Calling it 20 times, for grids with size 1×1 through 20×20 produces the following output:

There are 2 paths in a 1 sized grid
0,0110006 seconds

There are 6 paths in a 2 sized grid
0,0030002 seconds

There are 20 paths in a 3 sized grid
0 seconds

There are 70 paths in a 4 sized grid
0 seconds

There are 252 paths in a 5 sized grid
0 seconds

There are 924 paths in a 6 sized grid
0 seconds

There are 3432 paths in a 7 sized grid
0 seconds

There are 12870 paths in a 8 sized grid
0,001 seconds

There are 48620 paths in a 9 sized grid
0,0010001 seconds

There are 184756 paths in a 10 sized grid
0,001 seconds

There are 705432 paths in a 11 sized grid
0 seconds

There are 2704156 paths in a 12 sized grid
0 seconds

There are 10400600 paths in a 13 sized grid
0,001 seconds

There are 40116600 paths in a 14 sized grid
0 seconds

There are 155117520 paths in a 15 sized grid
0 seconds

There are 601080390 paths in a 16 sized grid
0,0010001 seconds

There are 2333606220 paths in a 17 sized grid
0,001 seconds

There are 9075135300 paths in a 18 sized grid
0,001 seconds

There are 35345263800 paths in a 19 sized grid
0,001 seconds

There are 137846528820 paths in a 20 sized grid
0,0010001 seconds

0,0390022 seconds in total

I'm accepting danben's answer, because his helped me find this solution the most. But upvotes also to Tim Goodman and Agos :)

Bonus update:

After reading Eric Lippert's answer, I took another look and rewrote it somewhat. The basic idea is still the same but the caching part has been taken out and put in a separate function, like in Eric's example.
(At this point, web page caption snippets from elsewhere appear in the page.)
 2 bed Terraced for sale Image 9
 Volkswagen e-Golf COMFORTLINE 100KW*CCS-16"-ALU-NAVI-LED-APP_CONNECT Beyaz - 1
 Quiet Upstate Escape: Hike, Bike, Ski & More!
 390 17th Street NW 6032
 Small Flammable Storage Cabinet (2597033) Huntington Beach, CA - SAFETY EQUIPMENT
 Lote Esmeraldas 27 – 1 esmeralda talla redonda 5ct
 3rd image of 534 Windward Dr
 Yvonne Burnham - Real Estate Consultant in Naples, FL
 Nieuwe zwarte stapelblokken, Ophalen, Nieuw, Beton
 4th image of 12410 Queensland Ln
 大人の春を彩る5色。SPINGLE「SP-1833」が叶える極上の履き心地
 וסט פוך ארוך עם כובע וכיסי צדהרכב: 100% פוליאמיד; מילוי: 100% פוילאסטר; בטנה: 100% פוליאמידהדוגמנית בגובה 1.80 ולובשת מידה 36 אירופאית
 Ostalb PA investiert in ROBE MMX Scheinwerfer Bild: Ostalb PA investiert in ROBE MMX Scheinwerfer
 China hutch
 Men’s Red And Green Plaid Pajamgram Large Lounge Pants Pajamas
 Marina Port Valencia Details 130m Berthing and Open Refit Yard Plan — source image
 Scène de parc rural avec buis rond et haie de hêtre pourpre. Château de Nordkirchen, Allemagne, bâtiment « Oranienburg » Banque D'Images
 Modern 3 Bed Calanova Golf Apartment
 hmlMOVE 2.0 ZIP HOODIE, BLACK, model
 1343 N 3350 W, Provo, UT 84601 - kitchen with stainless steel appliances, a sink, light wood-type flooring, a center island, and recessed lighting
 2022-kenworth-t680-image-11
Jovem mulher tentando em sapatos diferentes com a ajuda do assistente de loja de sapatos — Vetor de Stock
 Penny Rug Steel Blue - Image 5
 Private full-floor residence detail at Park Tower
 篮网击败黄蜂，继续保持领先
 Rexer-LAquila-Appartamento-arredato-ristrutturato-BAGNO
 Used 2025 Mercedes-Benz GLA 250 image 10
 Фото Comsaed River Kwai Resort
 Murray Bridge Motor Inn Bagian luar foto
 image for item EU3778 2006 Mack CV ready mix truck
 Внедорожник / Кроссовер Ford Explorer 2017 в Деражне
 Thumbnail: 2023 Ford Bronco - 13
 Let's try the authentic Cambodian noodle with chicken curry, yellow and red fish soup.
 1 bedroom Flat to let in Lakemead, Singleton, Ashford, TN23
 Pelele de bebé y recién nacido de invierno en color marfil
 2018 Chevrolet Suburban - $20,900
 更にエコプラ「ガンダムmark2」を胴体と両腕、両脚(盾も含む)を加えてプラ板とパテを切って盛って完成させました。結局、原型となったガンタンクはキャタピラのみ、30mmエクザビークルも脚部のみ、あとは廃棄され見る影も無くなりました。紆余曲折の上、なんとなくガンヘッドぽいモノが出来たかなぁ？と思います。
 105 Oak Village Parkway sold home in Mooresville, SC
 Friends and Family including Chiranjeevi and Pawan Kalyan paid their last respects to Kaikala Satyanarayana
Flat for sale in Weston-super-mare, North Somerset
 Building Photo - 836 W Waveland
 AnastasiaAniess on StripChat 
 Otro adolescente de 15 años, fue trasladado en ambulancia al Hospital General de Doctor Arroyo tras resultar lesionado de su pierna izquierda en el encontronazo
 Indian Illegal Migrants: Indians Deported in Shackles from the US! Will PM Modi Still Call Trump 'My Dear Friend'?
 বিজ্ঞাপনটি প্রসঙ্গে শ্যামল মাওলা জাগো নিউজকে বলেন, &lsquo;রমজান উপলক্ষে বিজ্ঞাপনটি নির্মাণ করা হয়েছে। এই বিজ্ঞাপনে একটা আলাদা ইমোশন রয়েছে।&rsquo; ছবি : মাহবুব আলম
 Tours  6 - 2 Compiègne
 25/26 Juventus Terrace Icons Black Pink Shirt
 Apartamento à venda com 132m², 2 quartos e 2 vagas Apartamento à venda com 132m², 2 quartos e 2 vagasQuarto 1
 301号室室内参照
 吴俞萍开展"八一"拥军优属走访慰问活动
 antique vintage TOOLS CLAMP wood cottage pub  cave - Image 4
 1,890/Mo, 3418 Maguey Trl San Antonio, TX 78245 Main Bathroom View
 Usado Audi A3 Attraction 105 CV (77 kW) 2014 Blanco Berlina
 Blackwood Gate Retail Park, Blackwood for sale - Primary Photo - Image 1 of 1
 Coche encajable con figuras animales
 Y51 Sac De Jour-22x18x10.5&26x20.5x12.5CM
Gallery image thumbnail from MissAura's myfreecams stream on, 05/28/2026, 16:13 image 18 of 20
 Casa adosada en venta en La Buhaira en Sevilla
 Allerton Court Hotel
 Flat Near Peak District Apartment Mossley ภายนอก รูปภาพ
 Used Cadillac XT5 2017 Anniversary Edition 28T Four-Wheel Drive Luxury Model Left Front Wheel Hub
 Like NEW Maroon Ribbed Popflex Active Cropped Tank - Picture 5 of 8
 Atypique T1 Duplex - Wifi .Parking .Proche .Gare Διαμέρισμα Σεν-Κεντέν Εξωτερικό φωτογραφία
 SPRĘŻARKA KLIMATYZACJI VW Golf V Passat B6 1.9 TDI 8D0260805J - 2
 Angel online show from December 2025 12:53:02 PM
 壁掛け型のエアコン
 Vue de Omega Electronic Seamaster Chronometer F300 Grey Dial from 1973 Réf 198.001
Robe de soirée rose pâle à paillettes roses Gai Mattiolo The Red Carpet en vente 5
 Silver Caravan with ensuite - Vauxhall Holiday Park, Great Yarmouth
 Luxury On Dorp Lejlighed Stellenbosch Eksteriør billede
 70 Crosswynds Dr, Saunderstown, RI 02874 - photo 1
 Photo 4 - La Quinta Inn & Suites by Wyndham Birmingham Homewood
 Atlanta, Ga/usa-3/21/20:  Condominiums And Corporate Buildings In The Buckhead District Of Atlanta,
The result is some much more elegant looking code.

// the size of our grid
const int gridSize = 20;

// magic.
static Func<A1, A2, R> Memoize<A1, A2, R>(this Func<A1, A2, R> f)
{
    // Return a function which is f with caching.
    var dictionary = new Dictionary<string, R>();
    return (A1 a1, A2 a2) =>
    {
        R r;
        string key = a1 + "x" + a2;
        if (!dictionary.TryGetValue(key, out r))
        {
            // not in cache yet
            r = f(a1, a2);
            dictionary.Add(key, r);
        }
        return r;
    };
}

// calculate the surface of the block to the finish line
static long calcsurface(long x, long y)
{
    return (gridSize - x) * (gridSize - y);
}

// call using progress (0, 0)
static Func<long, long, long> progress = ((Func<long, long, long>)((long x, long y) =>
{
    // first calculate the surface of the block remaining
    long surface = calcsurface(x, y);
    long i = 0;

    // zero surface means only 1 path remains
    // (we either go only right, or only down)
    if (surface == 0)
        return 1;

    // calculate it in the right direction
    if (x < gridSize)
        i += progress(x + 1, y);
    // and in the down direction
    if (y < gridSize)
        i += progress(x, y + 1);

    // self-explanatory :)
    return i;
})).Memoize();

By the way, I couldn't think of a better way to use the two arguments as a key for the dictionary. I googled around a bit, and it seems this is a common solution. Oh well.

Solution

This can be done much faster if you use dynamic programming (storing the results of subproblems rather than recomputing them). Dynamic programming can be applied to problems that exhibit optimal substructure - this means that an optimal solution can be constructed from optimal solutions to subproblems (credit Wikipedia).

I'd rather not give away the answer, but consider how the number of paths to the lower right corner may be related to the number of paths to adjacent squares.

Also - if you were going to work this out by hand, how would you do it?